This is the time of year when many of the tech companies introduce new stuff. The big question that I always have is, “do I need it?” I almost always want them, but how can I swing the costs? It is always easy to justify an upgrade, since you won’t have to pay full price for them. Plus, if you let one slide by, you know you’re on the hook for the next one. (Most companies will let you skip one upgrade, but if you let two slip by, you’ll have to buy a full version the next time.)
The other big question I have is, “is it worth it?” Do the changes really justify a new version, or is this just a marketing ploy? This may seem a bit cynical, but I feel the latter was true for at least half of the upgrades I have made in the past. I was disappointed with what the new version had to offer, and I’ve learned a few somewhat expensive lessons.
Lesson one: be patient. Don’t jump on right out of the gate. Do some research and read the independent reviews of those that have made the upgrade. Lesson two: use your community. Ask around to see if any one has made the jump and learn from them. And last, I rarely ever buy the first version of anything. It is generally true that all the bugs have not been worked out, and the first buyers are the test subjects (again, a cynical view but also the smart, safe one). It seems that being first rather than the best is the manufacturer’s goal all too often.
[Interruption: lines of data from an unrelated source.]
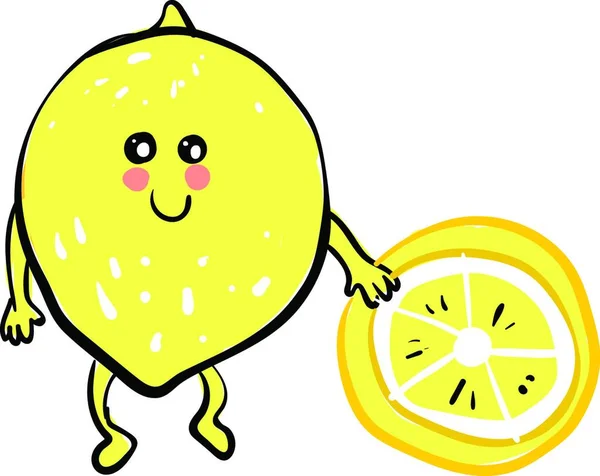 Emoji Limão Segurando Pedaço Desenho Ilustração Cor Vetorial Limão Meio — Vetor de Stock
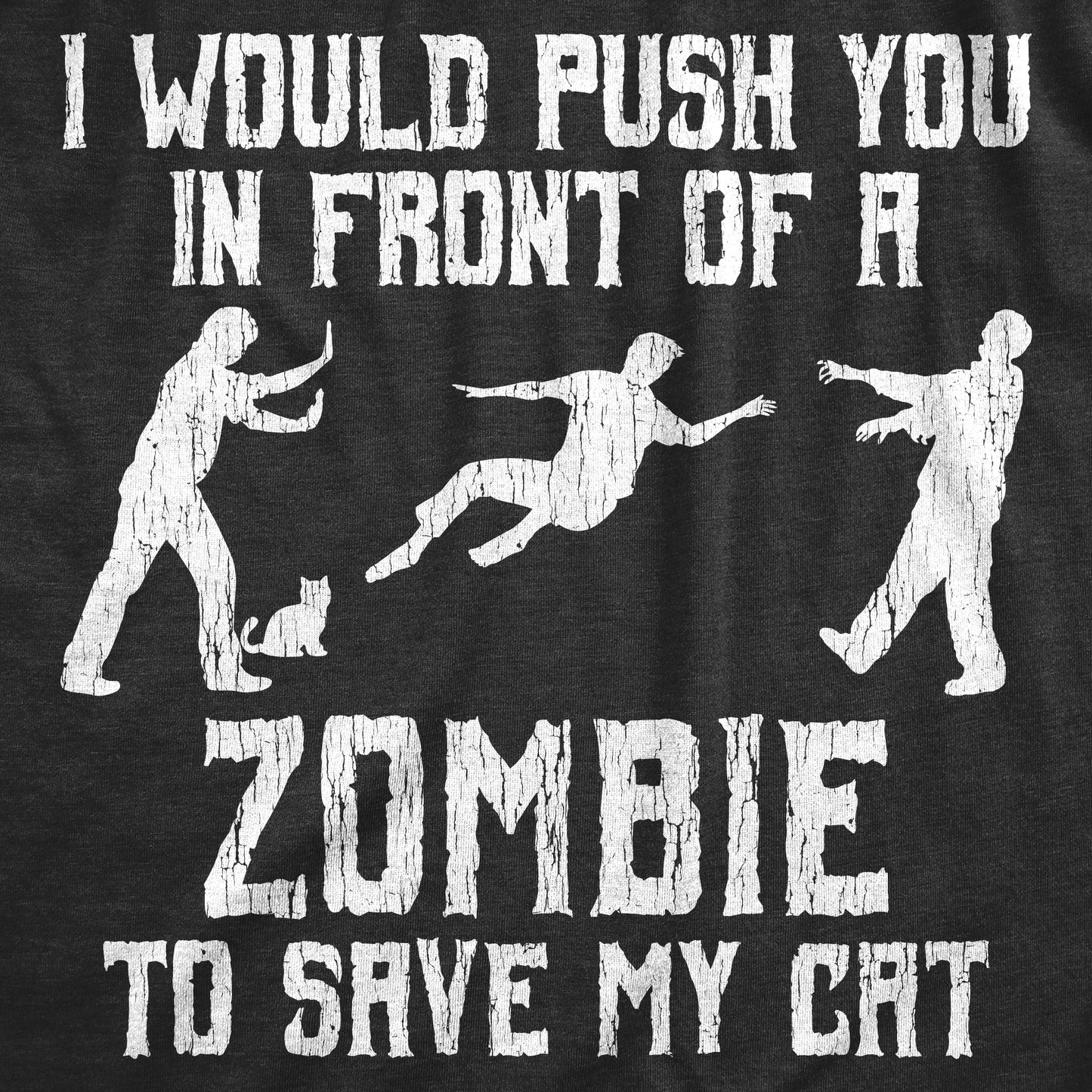 I Would Push You In Front Of A Zombie To Save My Cat Women's T Shirt Hoodie, Sweatshirt | WearSparks.com (Image 2)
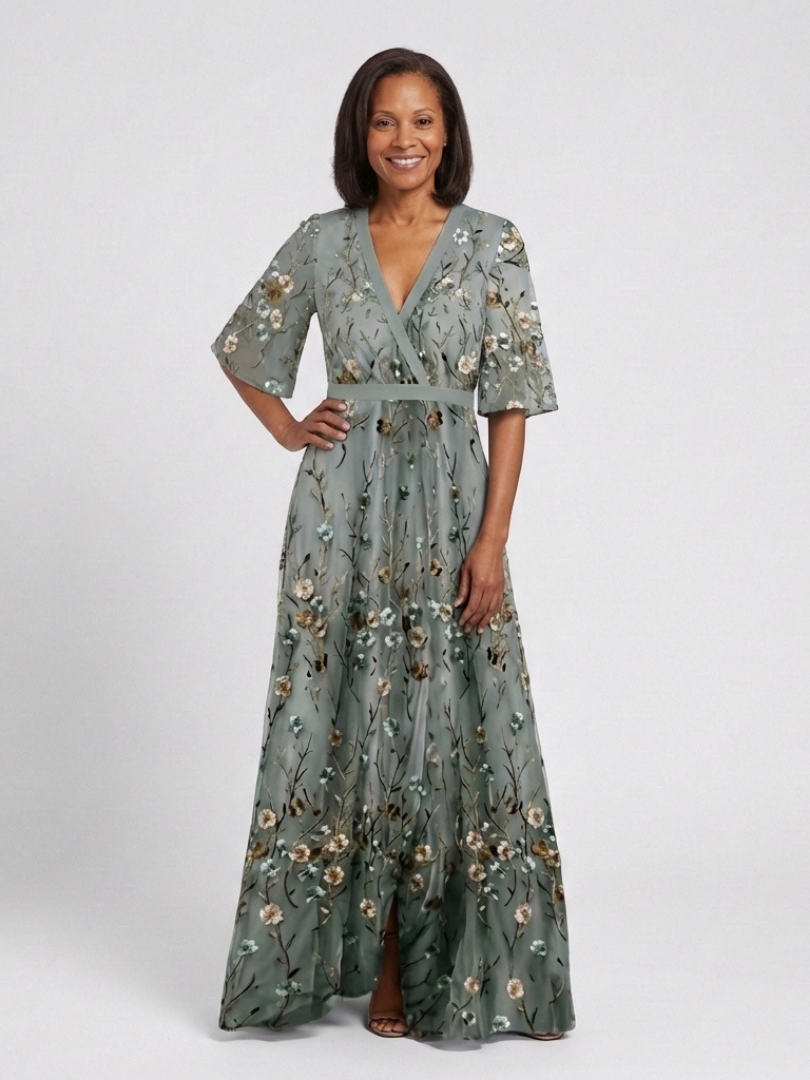 Bethany™  | Floral V Neck Short Sleeve Maxi Dress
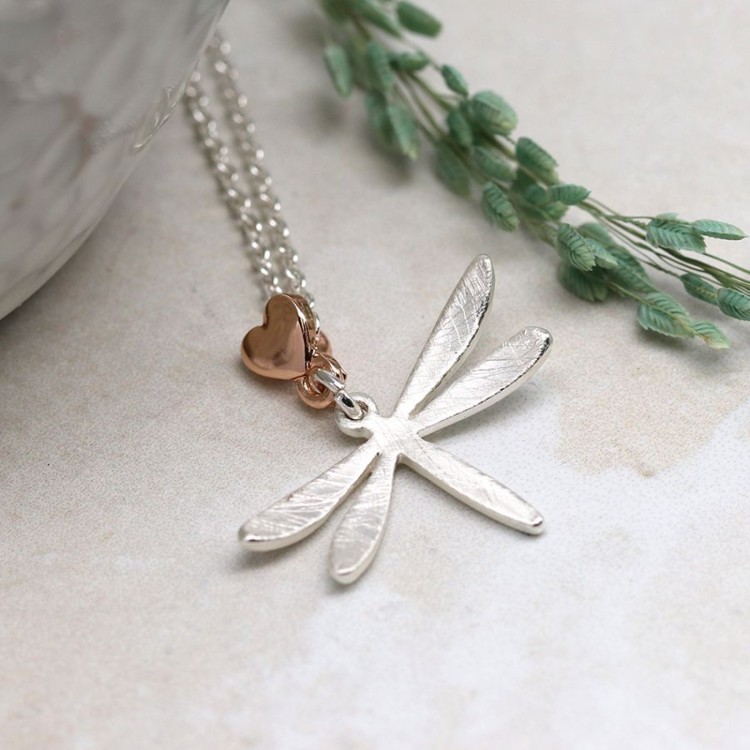 Silver plated dragonfly necklace with heart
These factors are also true for cameras. There is talk of several new cameras from the big players in the market due out during the first quarter of 2011. The talk about huge sensors, the speculation that some may replace professional level video cameras and include all new processing interfaces is the big buzz on many forums. The thing that I find most interesting is while consumer and professional cameras get bigger, the need for big image files seem to going the other way. The decline in print and the increase of digital delivery devices that won’t or don’t support huge files drives this movement. Don’t get me wrong—I will be one of first in line when the Canon EOS D1s Mark IV hits the market. The size (somewhere in the range of 32-36 mega pixels) has been reported, and the all new Digic processor make me drool. The other thing that comes up is how much more memory we will now need. Last year I filled 10+ terabytes of hard drive space with images. What will the new monster require? The thought scares me.
So I guess the take away here is do your research and weigh your needs vs. your wants, and make your decisions based on the real things that will advance you. Investing in your business is wise as long as the goal is better work and more revenue.